[WORK ORDER] In the entries below, find the line with "Ferienwohnung Klockenhagen" and the line with "Watch Ờ nhà cùng gia đình Fury 5 HD". Repeat exactly everything between them, those two lines included, but not the pictures.

------ SUPPLIED MATERIAL ------

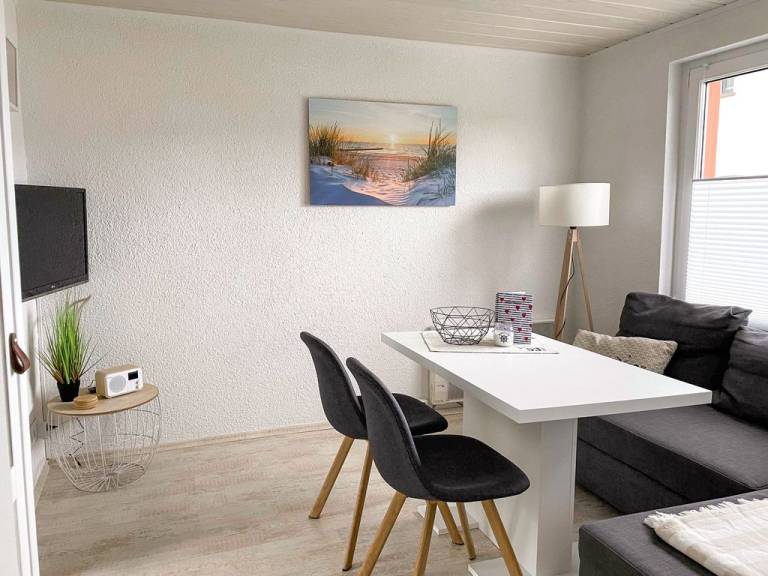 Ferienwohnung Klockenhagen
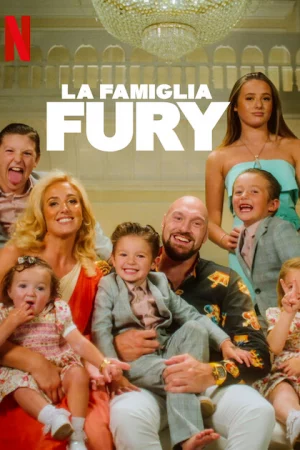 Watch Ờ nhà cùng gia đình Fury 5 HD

------
------ SUPPLIED MATERIAL ------

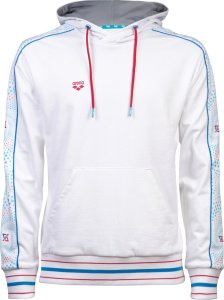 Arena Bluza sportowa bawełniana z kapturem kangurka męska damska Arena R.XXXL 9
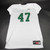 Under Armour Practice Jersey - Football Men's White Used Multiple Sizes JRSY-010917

------

[OUTPUT FOR THIS EXERCISE]
 Ferienwohnung Klockenhagen
 Watch Ờ nhà cùng gia đình Fury 5 HD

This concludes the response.